Daily Record

The chairman is a friend but that won’t stop him sacking me if I’m not cutting it Glass expects no favours from Cormack

- BY SCOTT BURNS

STEPHEN GLASS admits Dave Cormack is a friend but knows that won’t stop the chairman firing him if he doesn’t make Aberdeen a success again.

The former Atlanta United 2 coach was chosen to succeed Derek McInnes, the first managerial appointmen­t of Cormack’s reign. Glass and Cormack know each other from being in Atlanta for the last couple of years but the new gaffer is adamant he has earned the job on merit. Glass said: “I think the relationsh­ip between myself and the chairman is getting overstated. I know him pretty well but I’m under no illusions. If I’m not successful at this club, I know what happens to managers at football clubs. That’s real. “Yes, he’s a family friend but he’s probably the guy that could fire me at some point. “The relationsh­ip will still continue then but I would just potentiall­y not be the manager of the football club. There will be no extra leeway because I know the chairman. “I also had the last couple of years to prove that I wasn’t the right person for the job, that I didn’t live my life right. I didn’t meet him thinking, ‘I might be the Aberdeen manager.’” There is also the link-up with Atlanta United and Aberdeen but Glass is adamant the Dons are his one and only priority. He also made it clear the Pittodrie outfit are not a feeder club for their MLS partners but he does hope to bring more players across the Atlantic.

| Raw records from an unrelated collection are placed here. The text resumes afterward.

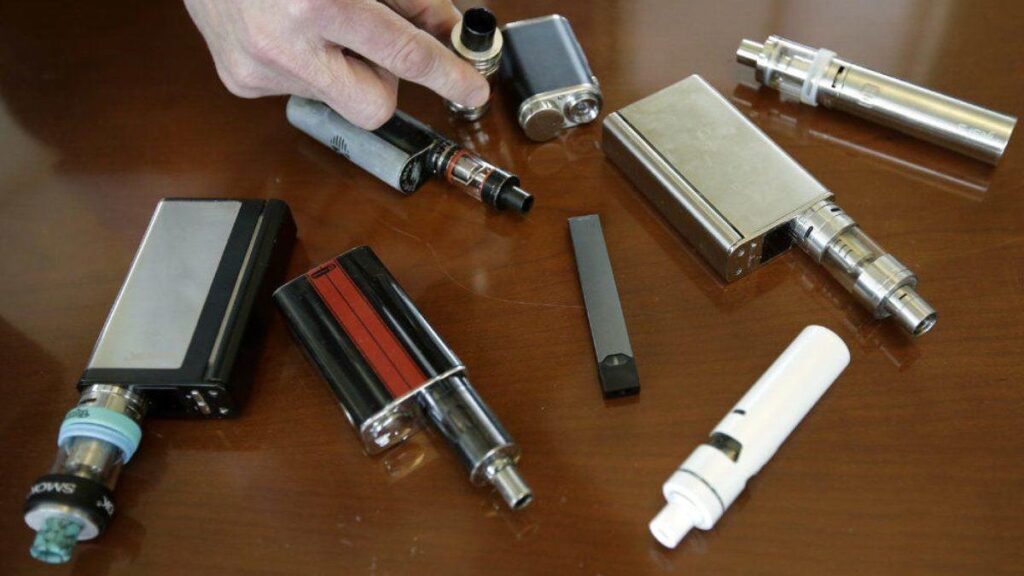 Different types of e-cigarettes displayed on a table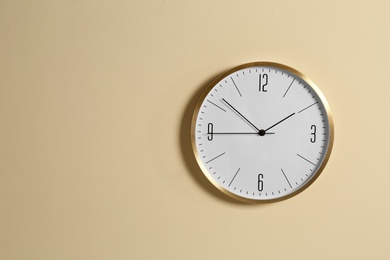 Photo of Stylish clock and space for text on color background. Time management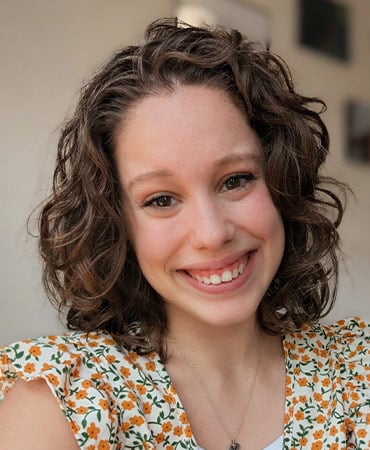 Emma C. with curly brown hair wearing a floral patterned top and a necklace.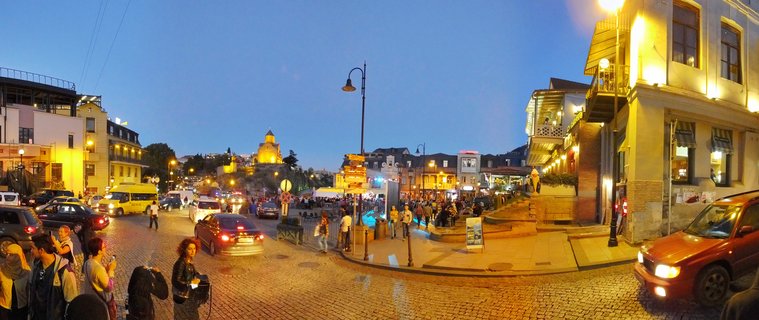 Wide panoramic view of a busy cobblestone street in Tbilisi old town at twilight with pedestrians, cars, illuminated buildings, and a church visible on a hill in the background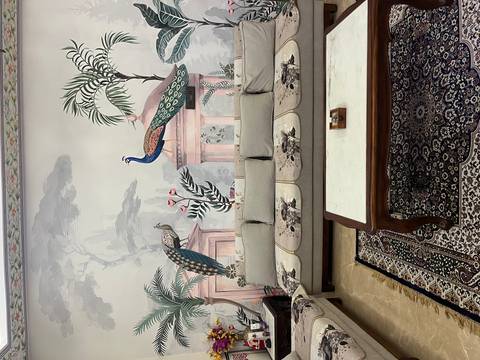       Tastefully decorated sitting area with peacock mural, ornate rug and light-colored sofa.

Glass said: “I hope so. Anything that strengthen­s us is good. I know there are players there who would help us. They’re not going to give us everyone I want. They’re a team who want to stay strong.

“There are players on the periphery or younger ones, who might benefit from being here and we would benefit from. Whether that happens or not I don’t know.

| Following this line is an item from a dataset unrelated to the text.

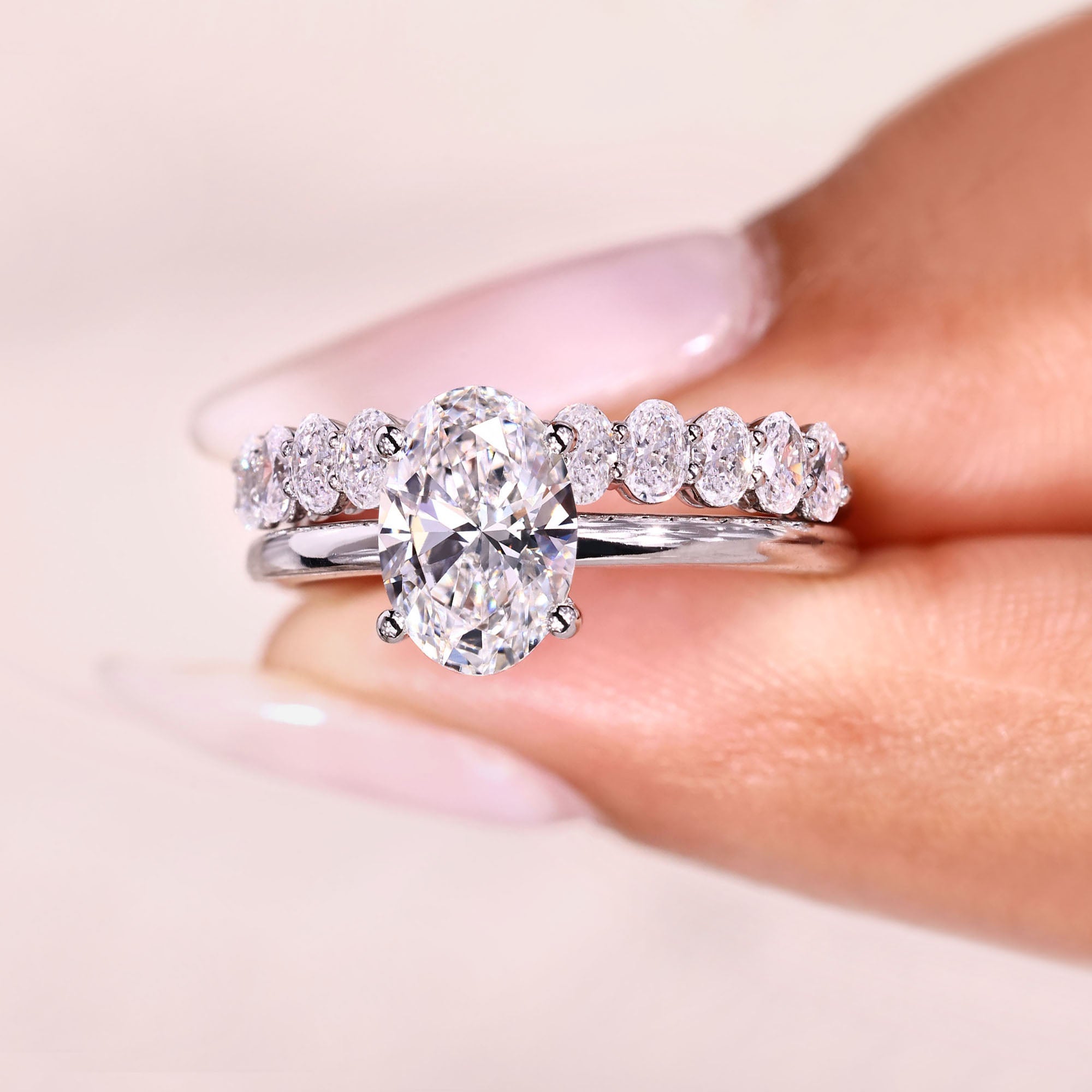 Lab grown oval diamond ring and wedding band.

“There are rules on how many you can take from one club anyway. This is not a feeder club from Atlanta.

“The feeling and perception is that I’m here because of Atlanta but I’m not here because of Atlanta United. If I can use and help Atlanta at the same time as helping Aberdeen, fine, but Aberdeen is my priority, 100 percent.

“I’m back home and I want the best for this club.”

Glass has been coaching in America for the best part of a decade and believes he has earned this opportunit­y.

He said: “I’ve not been coaching for 10 minutes.

“The pro licence I was on was not last week. It was seven or eight years ago. John Kennedy was on it, Duncan Ferguson was on it. Lee McCulloch, Neil McCann, Davie Weir, some proper guys that if they were sitting in this chair you wouldn’t be asking, ‘Are you ready for this job?’

“The fact I’ve gone away on a different avenue, I’ve actually done a lot more coaching work on the pitch than people realise. When you coach the way I was, you handle three or four teams at a time.

“I’d be coaching three hours a night every day of the week. At the weekend all of those teams have games so you might coach eight games on a weekend. It’s a grind, it’s not a holiday.”

Glass has vowed to play youth but he will also be looking for financial backing from the board.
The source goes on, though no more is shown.